▸ EXERCISE INPUTS:

╔══

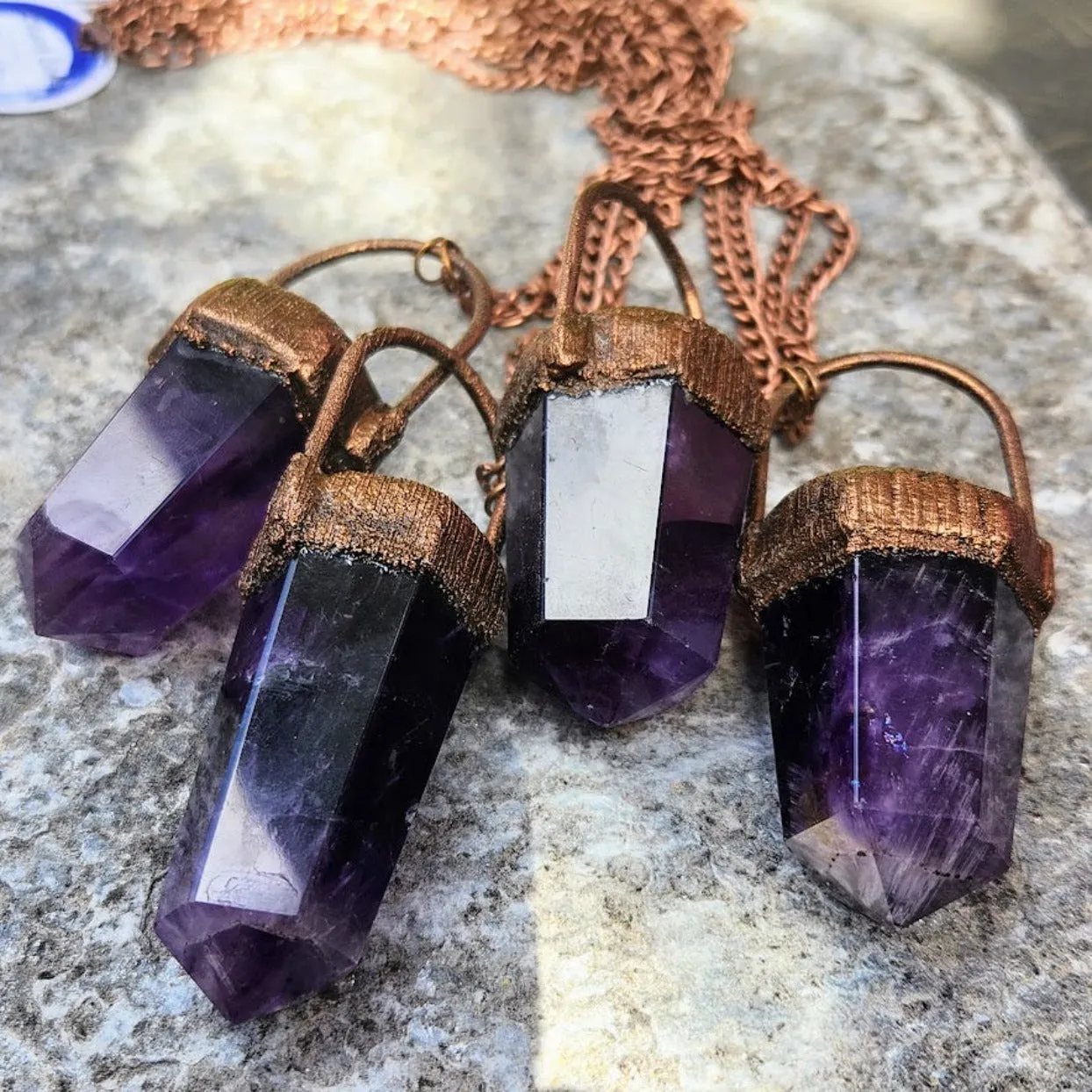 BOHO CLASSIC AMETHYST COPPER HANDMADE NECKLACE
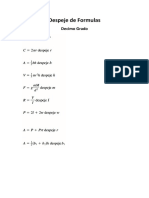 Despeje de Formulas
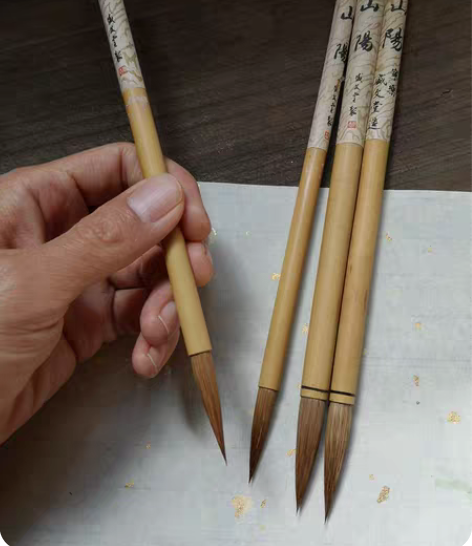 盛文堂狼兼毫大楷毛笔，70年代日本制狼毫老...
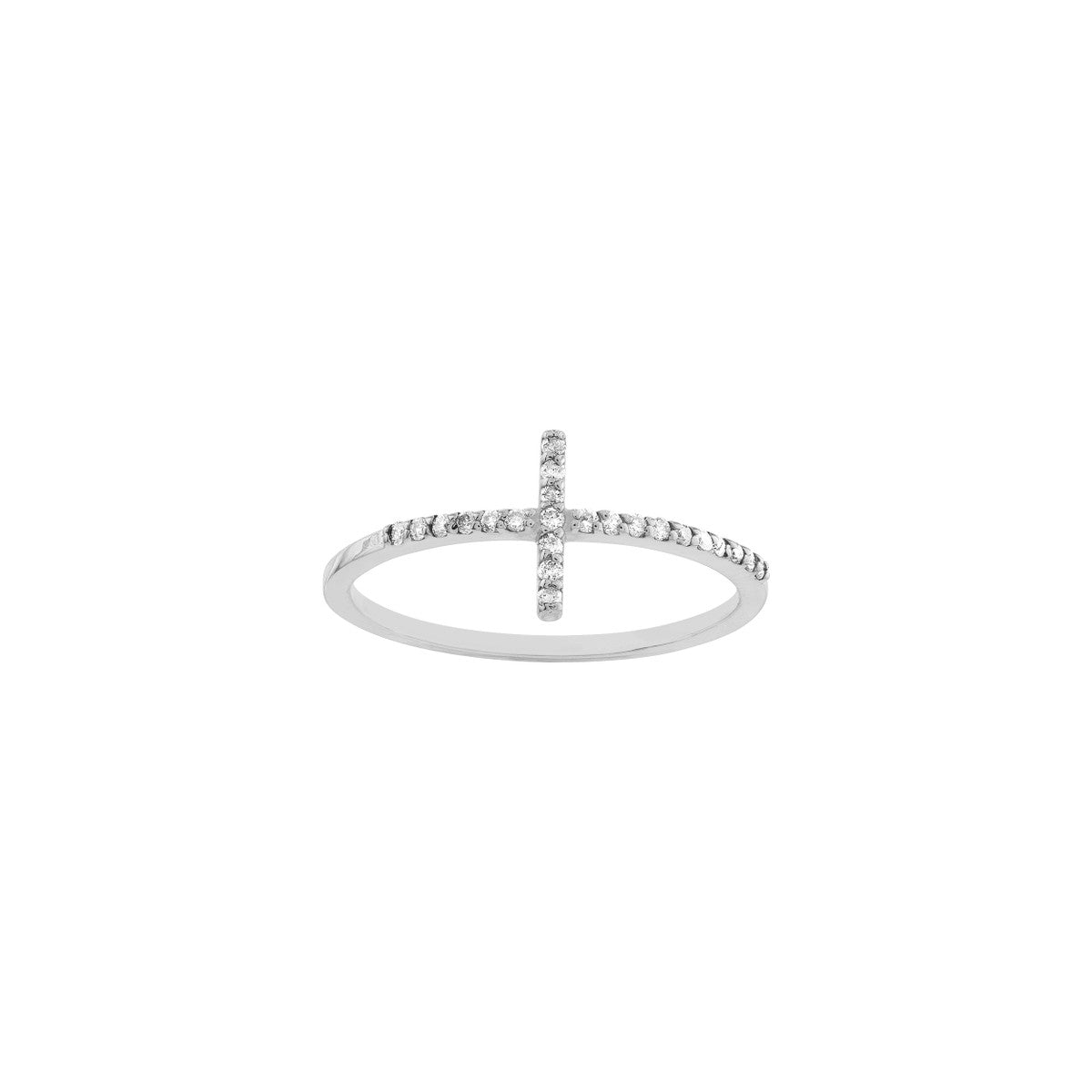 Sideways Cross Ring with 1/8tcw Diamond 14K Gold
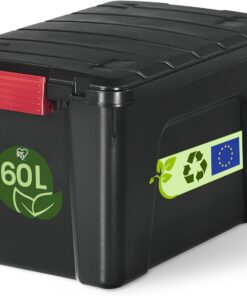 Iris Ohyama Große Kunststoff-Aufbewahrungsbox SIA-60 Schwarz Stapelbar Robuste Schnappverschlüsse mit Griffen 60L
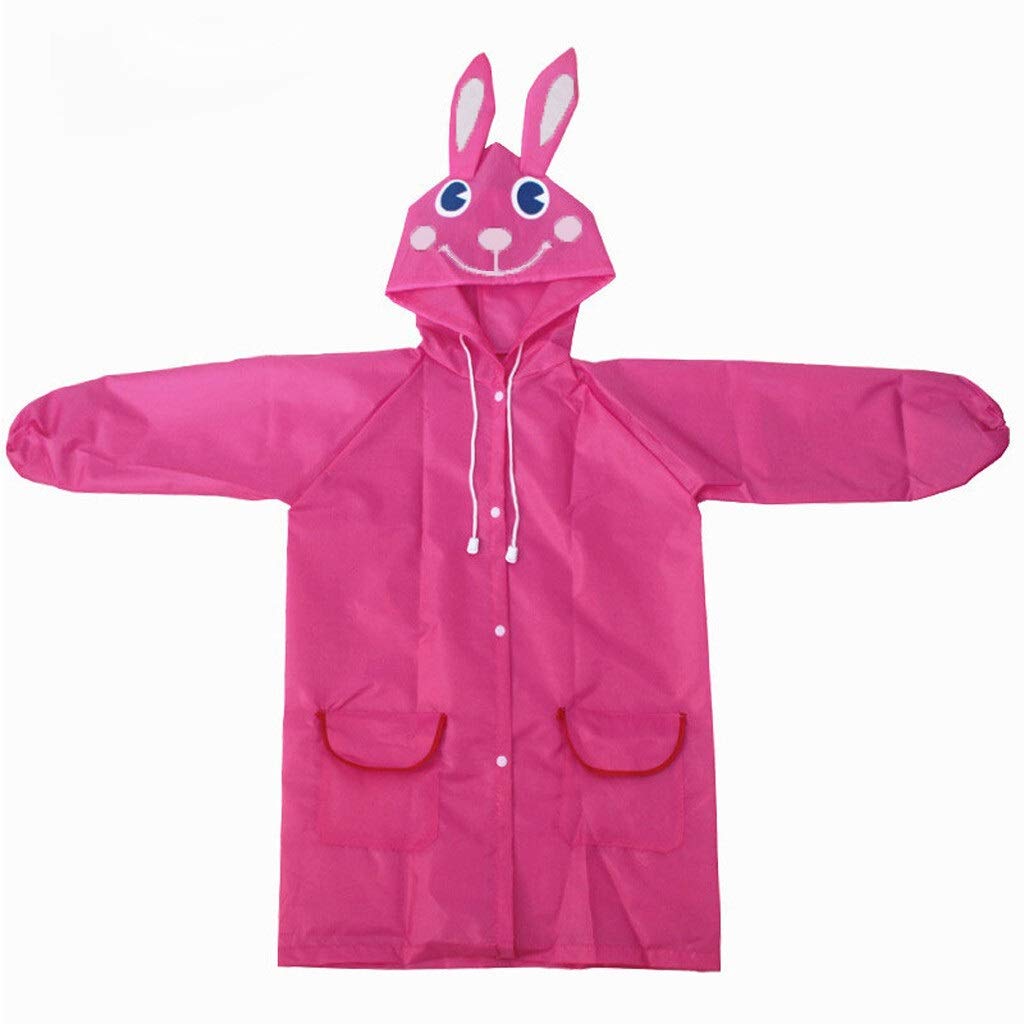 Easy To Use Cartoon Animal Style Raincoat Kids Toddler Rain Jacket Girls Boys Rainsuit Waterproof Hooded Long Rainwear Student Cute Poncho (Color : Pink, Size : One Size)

╚══
╔══

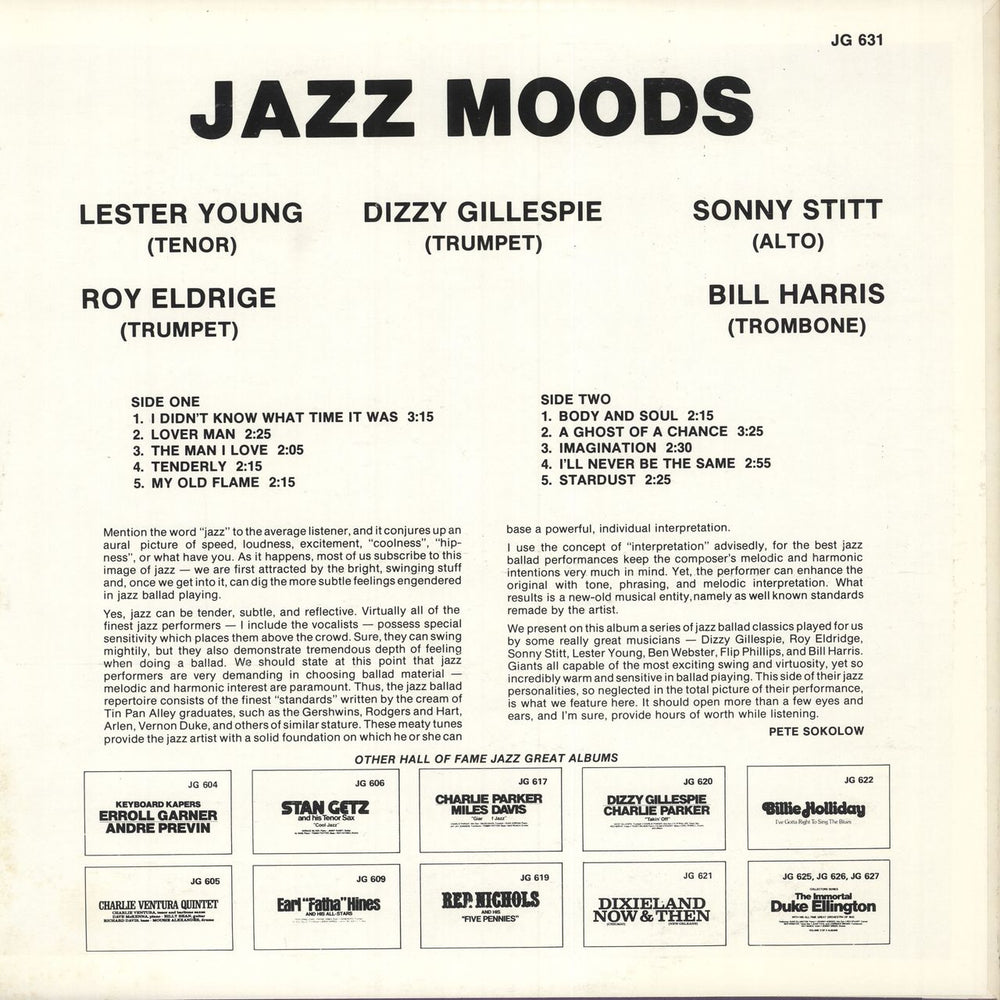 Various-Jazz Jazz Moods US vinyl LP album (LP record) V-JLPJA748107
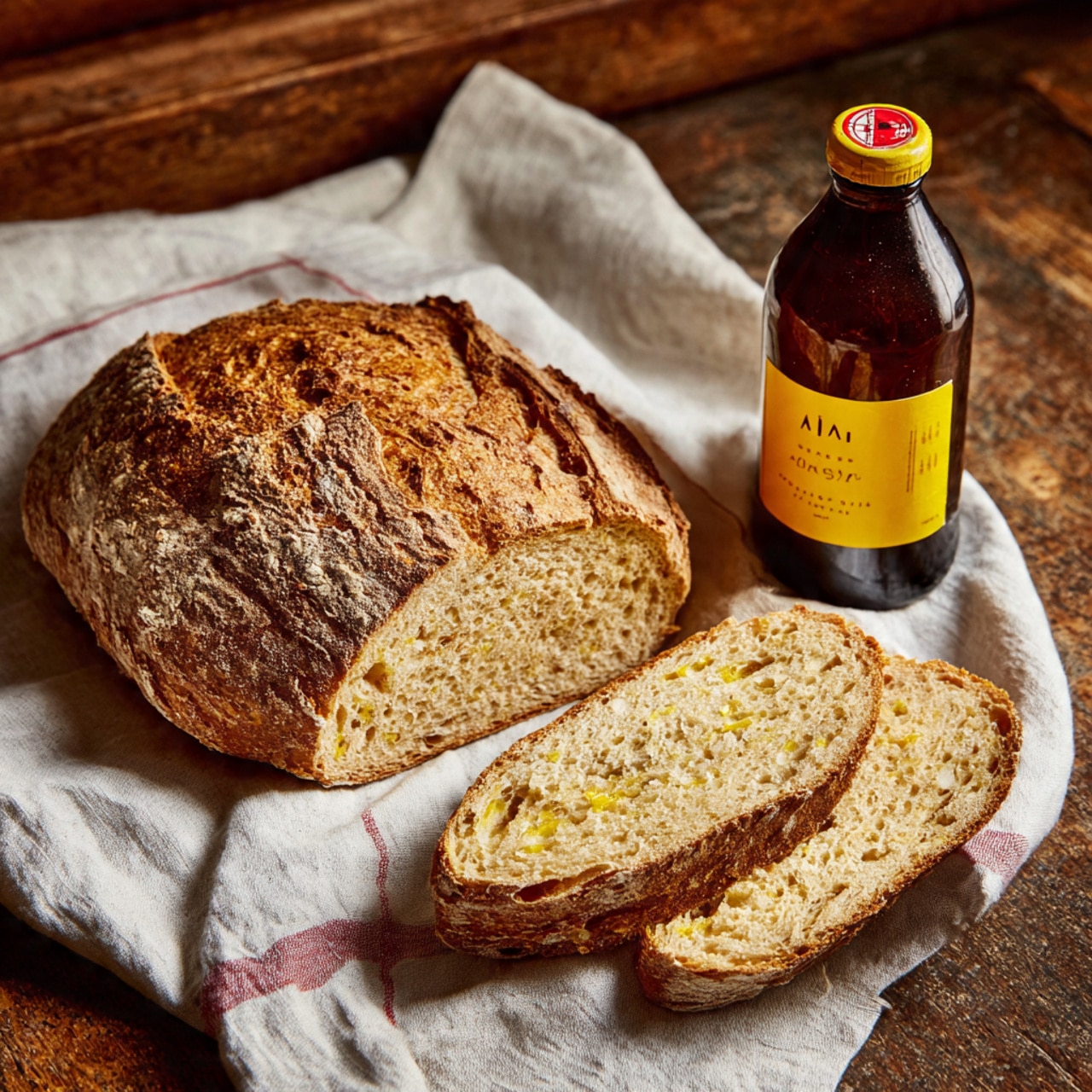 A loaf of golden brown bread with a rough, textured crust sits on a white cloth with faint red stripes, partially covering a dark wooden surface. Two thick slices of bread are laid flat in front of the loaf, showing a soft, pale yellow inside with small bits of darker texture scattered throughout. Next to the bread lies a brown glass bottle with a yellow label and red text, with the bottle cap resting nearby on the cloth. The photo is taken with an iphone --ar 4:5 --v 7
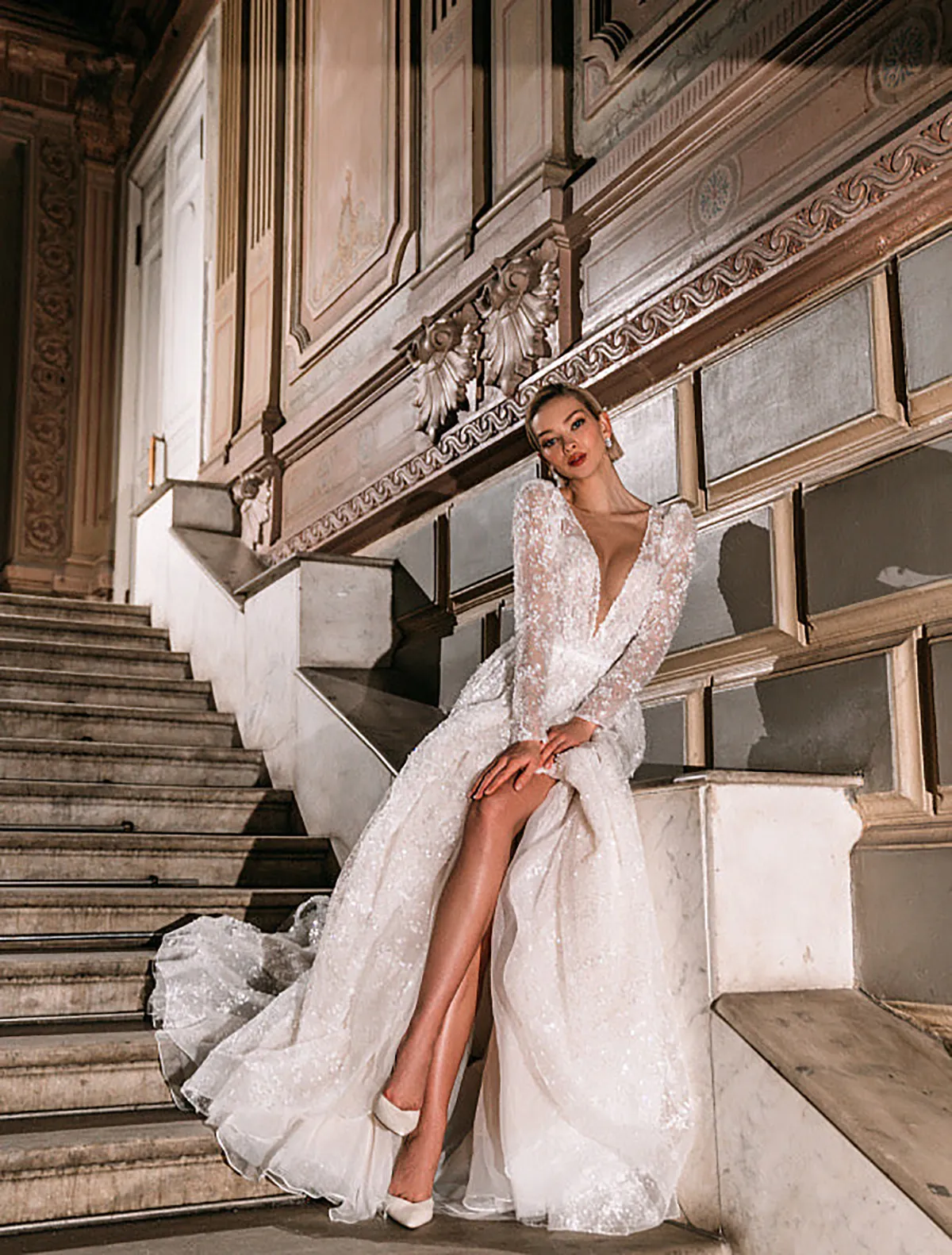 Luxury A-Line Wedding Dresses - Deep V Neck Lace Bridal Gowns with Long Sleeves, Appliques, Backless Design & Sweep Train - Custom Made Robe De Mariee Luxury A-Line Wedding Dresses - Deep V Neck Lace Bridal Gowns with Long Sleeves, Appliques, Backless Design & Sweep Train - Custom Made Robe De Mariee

╚══

▸ YOUR OBJECTIVE: Look above for the line with "A loaf of golden"; quote it and every line after it, stopping after the line with "De Mariee Luxury", exactly, with nothing added and without pictures.

▸ EXERCISE RESPONSE:
 A loaf of golden brown bread with a rough, textured crust sits on a white cloth with faint red stripes, partially covering a dark wooden surface. Two thick slices of bread are laid flat in front of the loaf, showing a soft, pale yellow inside with small bits of darker texture scattered throughout. Next to the bread lies a brown glass bottle with a yellow label and red text, with the bottle cap resting nearby on the cloth. The photo is taken with an iphone --ar 4:5 --v 7
 Luxury A-Line Wedding Dresses - Deep V Neck Lace Bridal Gowns with Long Sleeves, Appliques, Backless Design & Sweep Train - Custom Made Robe De Mariee Luxury A-Line Wedding Dresses - Deep V Neck Lace Bridal Gowns with Long Sleeves, Appliques, Backless Design & Sweep Train - Custom Made Robe De Mariee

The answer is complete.